What does the CMA do?
To fulfil its primary mission of ensuring fair markets in the UK, the CMA is responsible for monitoring businesses large and small. The watchdog typically reviews potential mergers – and even entire markets if necessary – to ensure competition is not unfairly or detrimentally reduced.
The regulator also has control over market prices, notably through the conduction of regulatory appeals and actions against anti-competitive behaviour such as monopolisation, exclusive dealing (when dominant companies require buyers to deal exclusively with them) or bid rigging (when competing parties coordinate bids to create an artificial increase in prices). As an independent body, the CMA is in charge of holding the government and other regulators accountable for using competition effectively and fairly.

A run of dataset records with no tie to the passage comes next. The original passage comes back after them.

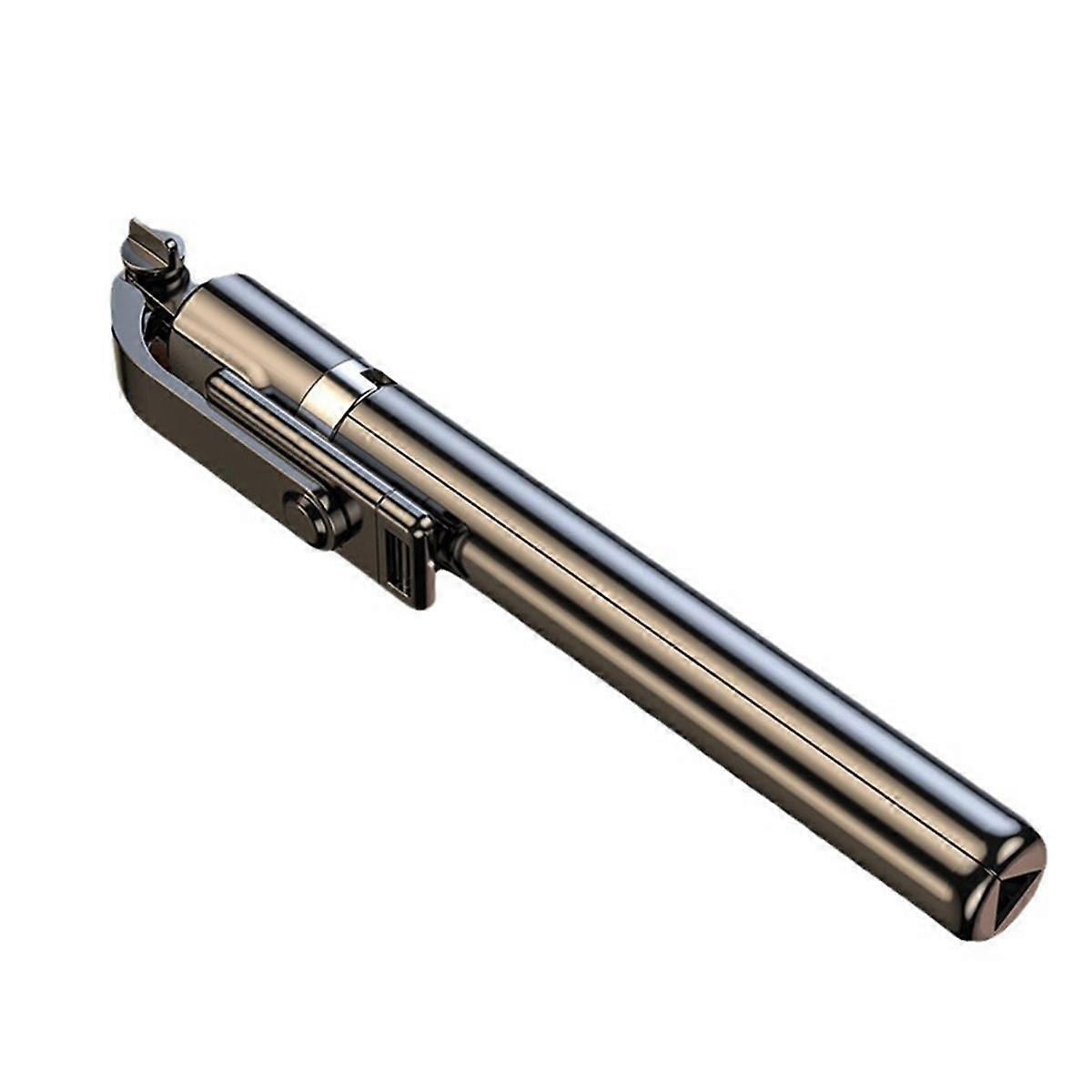 1.7M Bluetooth Selfie Stick Anti-Shake Mobile Phone Gimbal Stabilizer Foldable Monopod for Mobile L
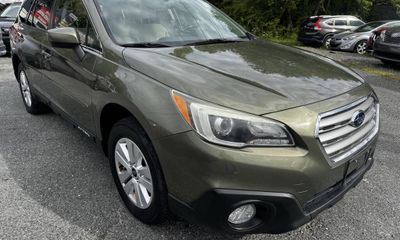 2015 Subaru Outback Premium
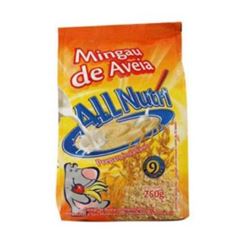 MINGAU ALL NUTRI AVEIA 230G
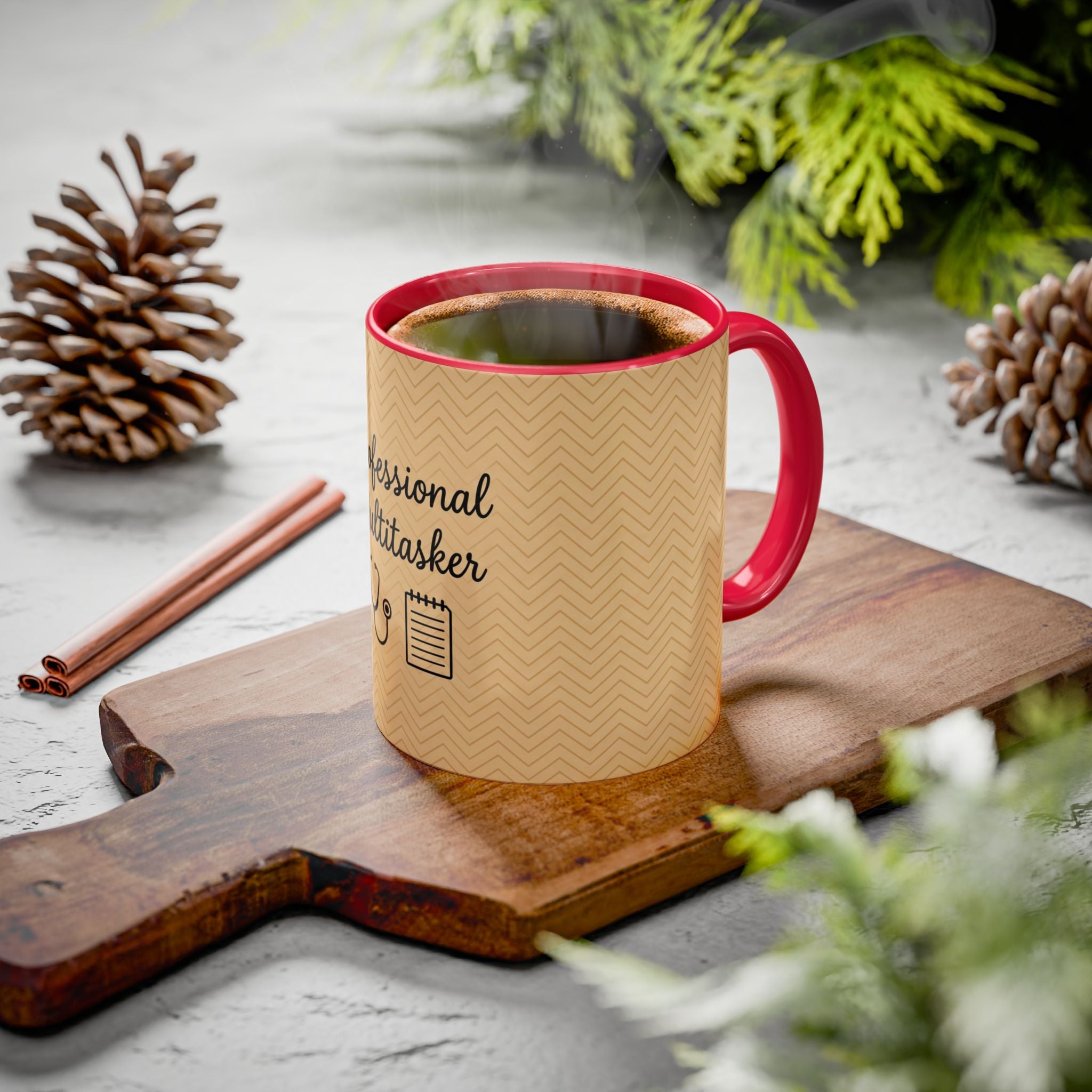 Nurse Mug | Professional multitasker | Nurse Appreciation Gift | Coffee Mug for Nurses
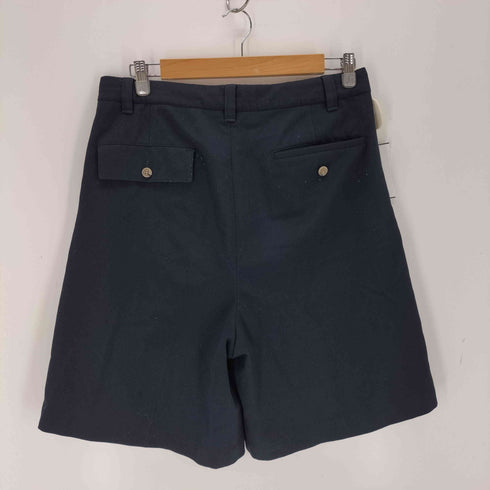 ナヌーシュカ nanushka タック ワイドスラックス ショーツ パンツ レディース EUR:48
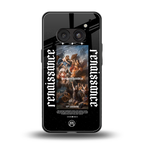 renaissance back phone cover | glass case for nothing phone 2a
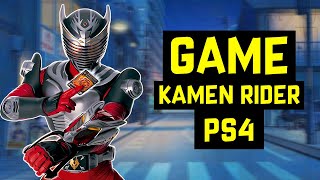 Game Kamen Rider PS4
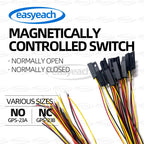 1PCS GPS-23 NO/NC switching Reed Magnetic Control Switch Replace PS-3150 Normally Open/Closed23*14MM Proximity Induction sensor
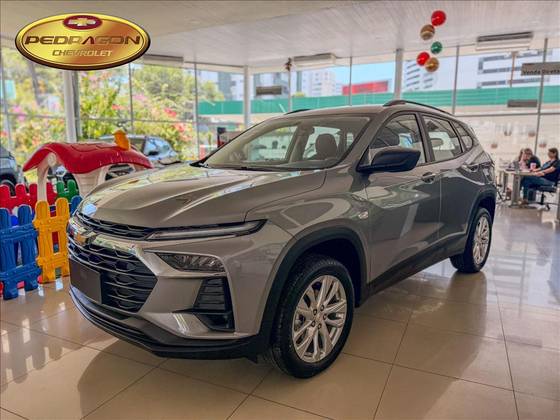 CHEVROLET TRACKER 1.0 TURBO FLEX PRO AUTOMÁTICO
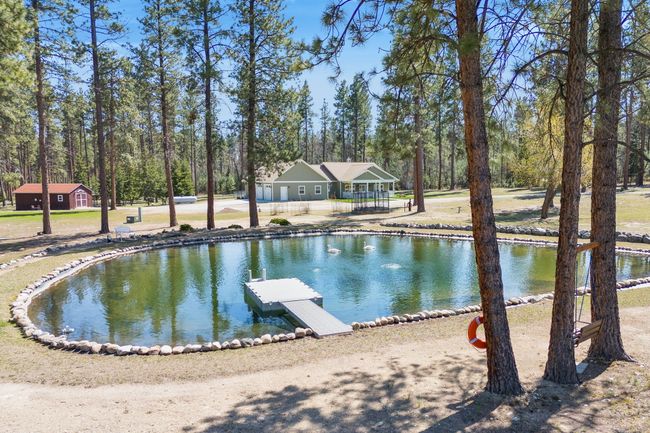 887 Bear Creek Trl, House other with 3 bedrooms, 2 bathrooms and null parking in Victor MT | Image 18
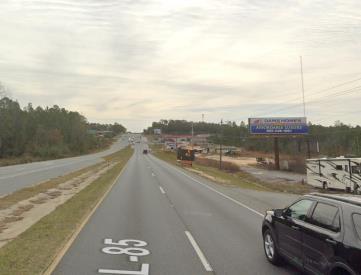 W/S Hwy 85 N/O PJ Adams Pkwy Tri-Vision F/N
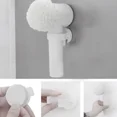 thumbnail image 4 of Cepillo de mano 5 en 1 para bañera, cepillo de limpieza eléctrica para cocina y baño, Herramientas de limpieza para fregadero del hogar, 4 of 5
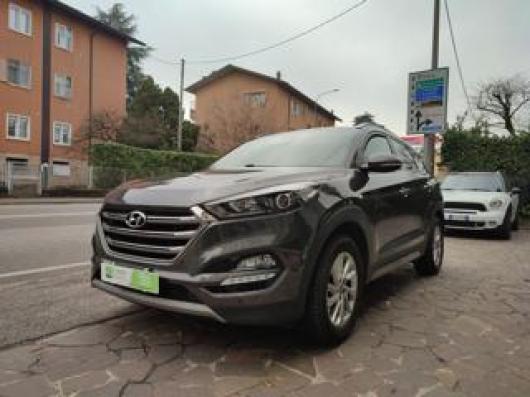 usato HYUNDAI Tucson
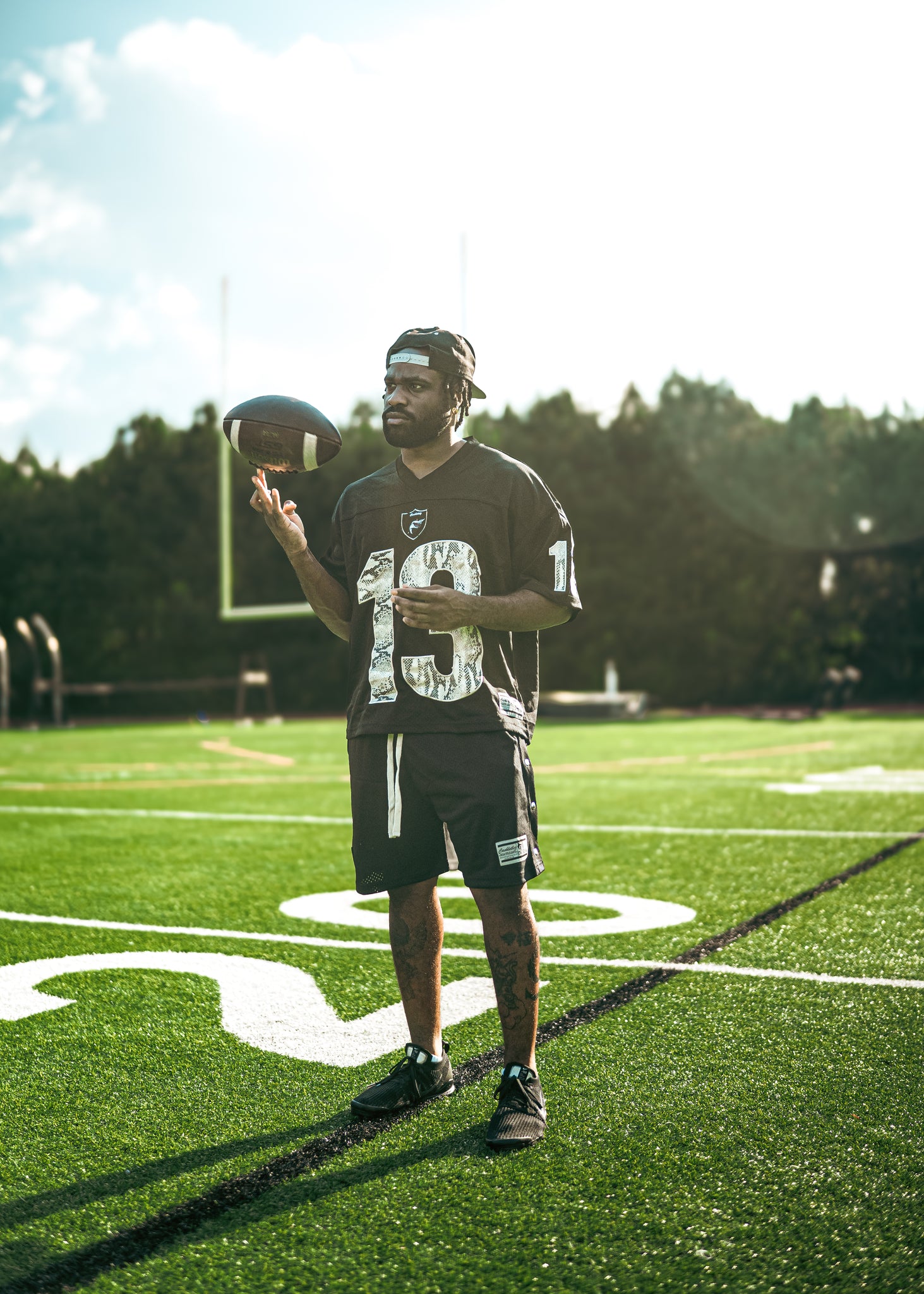 “Willie Beamen” Jersey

The CMA also operates as a baseline for guidance or counsel for people and businesses, providing information about competition and consumer law. It offers technical advice and knowledge about the UK internal market and government subsidies through two of its constituting units: the Office for the Internal Market and the Subsidy Advice Unit.
Disruptions in the tech sector
The independent authority played a significant – and often controversial – role in recent years and surprised industries in more than one instance. The Microsoft/Activision case has been particularly contested, as the regulator unexpectedly blocked the multi-billion deal for several months to rule out a potential monopoly on the gaming market. However, in October 2023, the deal was restructured. Microsoft bought the gaming company for $69bn, although it had to sell Activision Blizzard’s game streaming rights to Ubisoft to pass CMA checks.
This Microsoft/Activision case occurred only a few months after another heated saga, this time between Giphy, Meta and Shutterstock. In 2022, the CMA ruled that tech giant Meta buying the gif platform Giphy was an antitrust issue, prompting Meta to sell Giphy to the stock image service Shutterstock in May 2023. This move resulted in a $210 million loss for the owner of Facebook.
In both cases, some have found the role of the CMA to be overly challenging and restrictive when it comes to approving deals, especially in comparison to its European equivalent, the European Commission. During the Microsoft/Activision case, for example, the CMA was considerably more strict than the European Commission, which gave early approval while the CMA issued formal challenges and imposed stricter conditions. Vittorio Colao, the former CEO of Vodafone, told the Financial Times “it’s clear that Europe is trying to take the [position of] fairness while the CMA is a bit more unpredictable.”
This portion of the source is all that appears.